Además, tendrá que acreditar su “absoluta necesidad” y será “temporal y solicitada de forma expresa y justificada por la autoridad civil”.

La Fuerza Armada deberá capacitarse en la doctrina policial civil y sus actividades “en ningún caso tendrán por objeto sustituir a las autoridades civiles”, apunta el documento. Asimismo, agrega que se realizarán informes para evaluar los resultados en materia de seguridad pública, y corroborar el respeto a los derechos humanos.

La sentencia de la SCJN no establece sí es válida o no la participación del ejército en dichas labores, por considerar que no formaba parte del litigio, sino que aborda una controversia constitucional en la que se impugnaba una invasión de competencias.

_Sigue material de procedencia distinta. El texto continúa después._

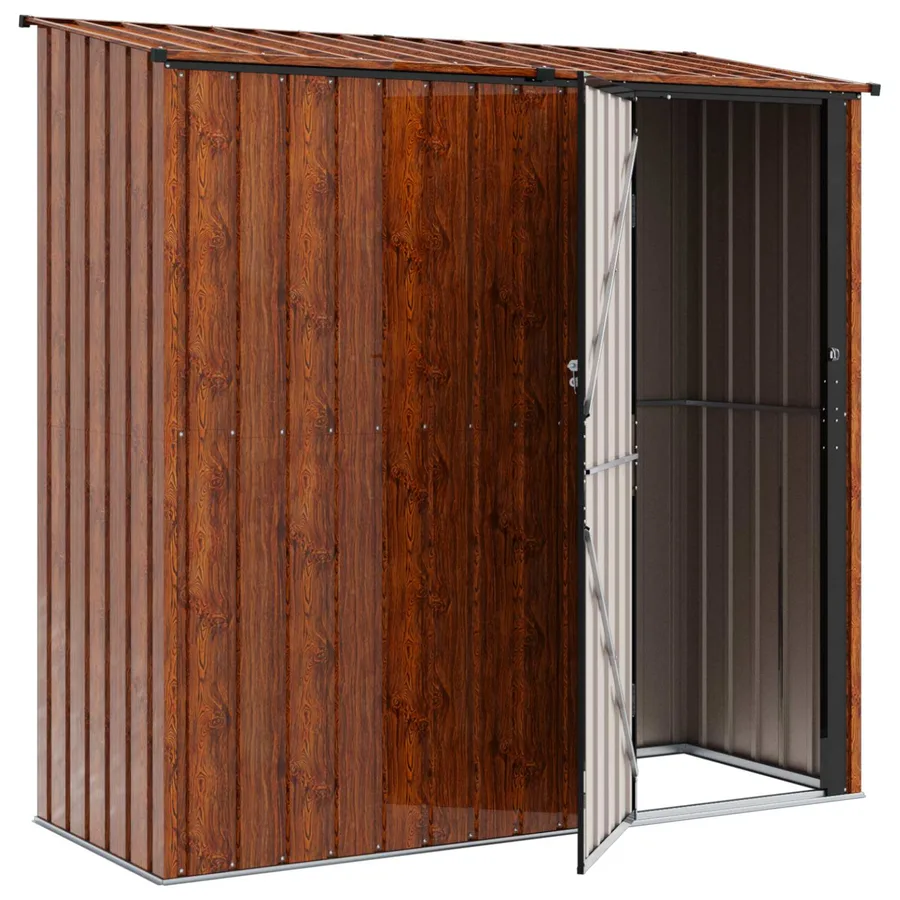 Cabanons de jardin Marron 203 x 85,5 x 200 cm Métал - 5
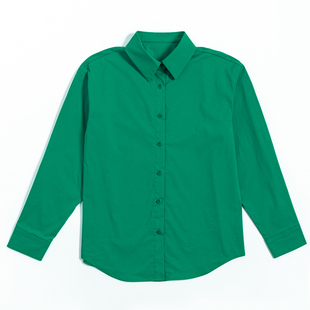 绿色衬衣女2026新款春秋季打底洋气衬衫女休闲长袖高级感上衣外套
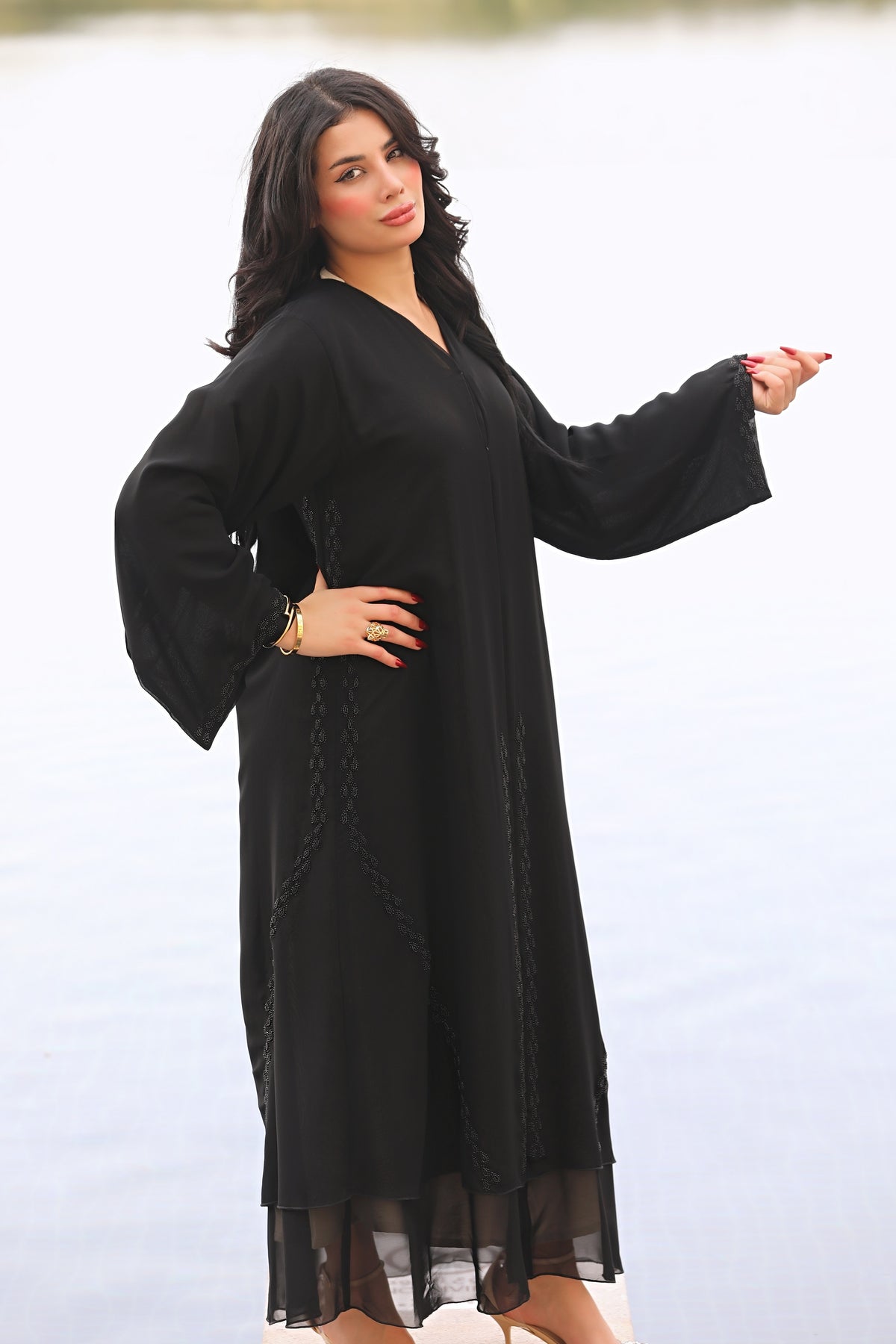 Gorgeous Double chiffon abaya  Black abaya designs, Abaya fashion, Abayas  fashion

Por lo tanto, el pleno resolvió que el llamado ‘acuerdo militarista’ no invade las competencias de la Cámara de Diputados por tratarse de una norma general que solamente retoma los conceptos de la ley que con los que creó la Guardia Nacional.

Con el aval del máximo tribunal, el acuerdo seguirá vigente y sentará un precedente que se podría aplicar cuando se analice una eventual impugnación a la reforma constitucional del artículo transitorio que creó la Guardia Nacional para extender la presencia de las fuerzas armadas en labores de seguridad pública hasta el año 2028.

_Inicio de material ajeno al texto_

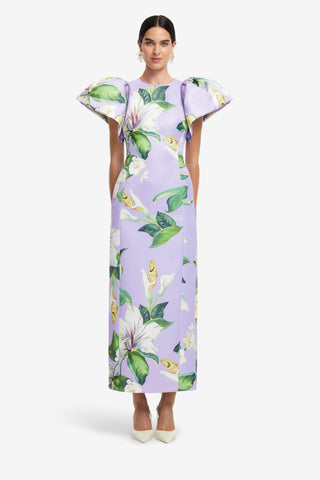 Exclusive LEO LIN Lucinda Maxi Dress - Lily Blossom Print in Lilac
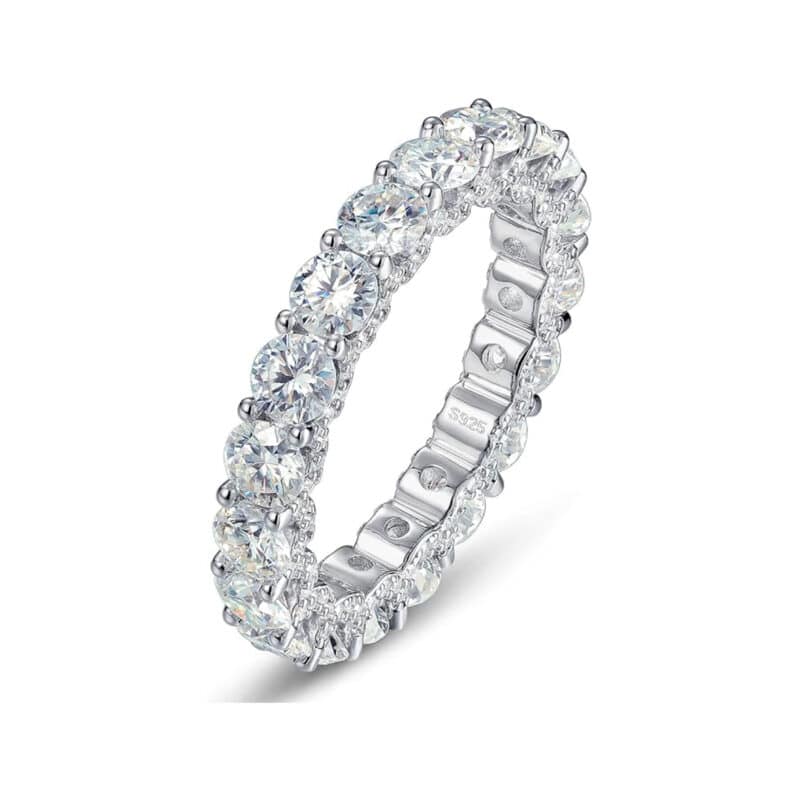 A 925 Sterling Silver Wedding Rings For Women band featuring 5.1 cttw D Color VVS1 Round Moissanite in an Eternity setting.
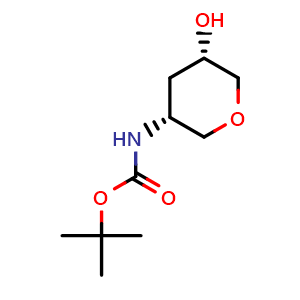 Chemical structure of tert-Butyl N-[cis-5-hydroxytetrahydropyran-3-yl]carbamate , AChemBlock AD282758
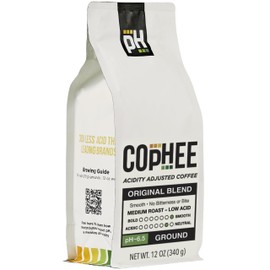 Low Acid Coffee – Original Blend – Ground Medium Roast – Smooth Non-GMO Arabica Coffee – Electrolyte Infused for Sensitive Stomachs, Acid Reflux, and Heartburn ~pH 6.5 – 12 oz Original by COpHEE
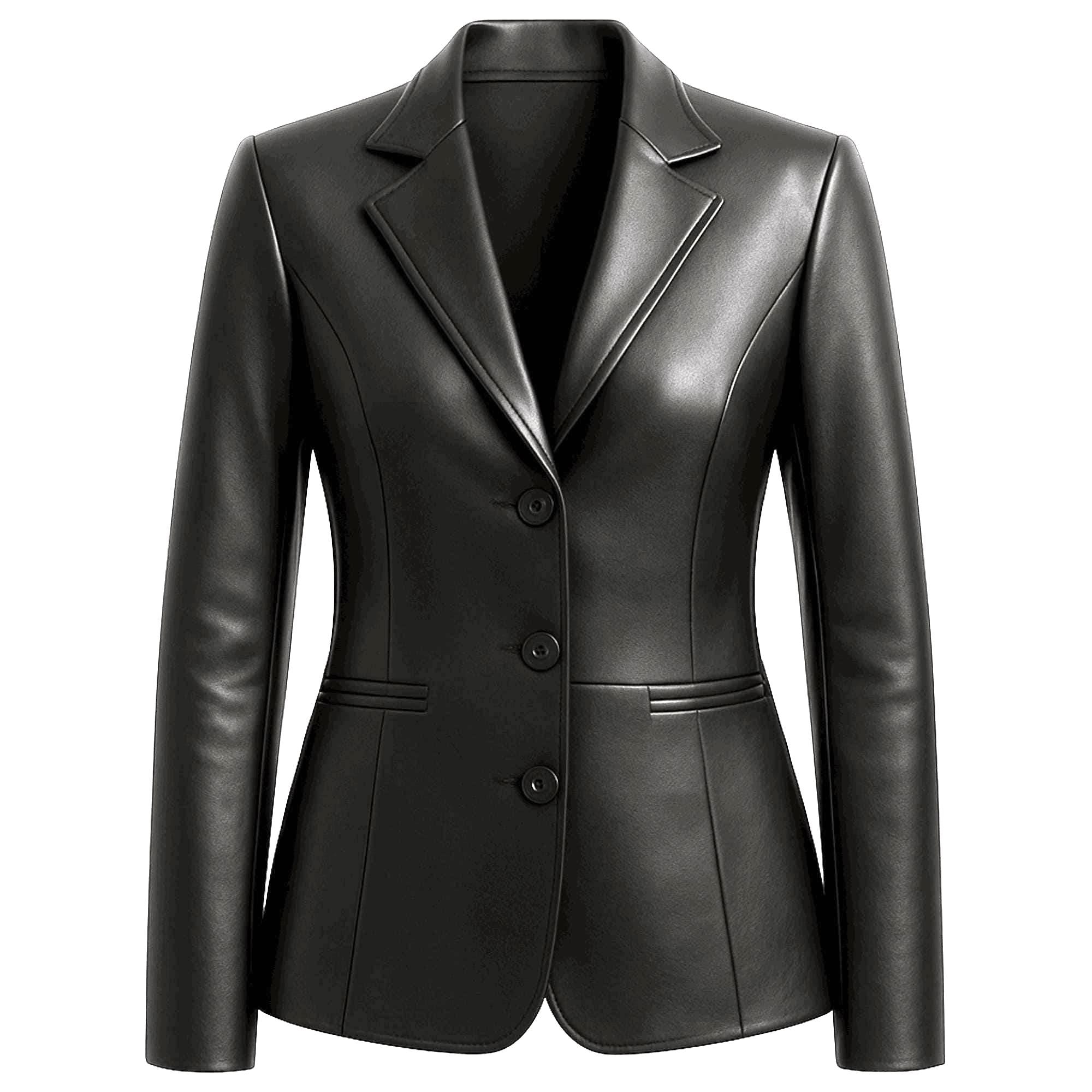 ladies leather dress coats Handmade Lambskin Blazer: Classic Black Women's Jacket story-W browns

Esta reforma ha suscitado críticas por diversas organizaciones nacionales e internacionales que han señalado que se trata de una profundización de la militarización.

Mecanismos internacionales de las Naciones Unidas han expresado su preocupación por el creciente papel de las Fuerzas Armadas y la ausencia de mecanismos de control y de rendición de cuentas.

Estos han señalado que los militares sólo deben intervenir en la seguridad pública de forma temporal, en circunstancias excepcionales, como último recurso, y siempre bajo la supervisión efectiva de órganos civiles independientes.

Asimismo, desde 1998, diversos organismos de la ONU han emitido más de 30 recomendaciones al Estado mexicano para que abandone la militarización con el fin de prevenir violaciones a Derechos Humanos y desapariciones forzadas. Todas han sido aceptadas por el país.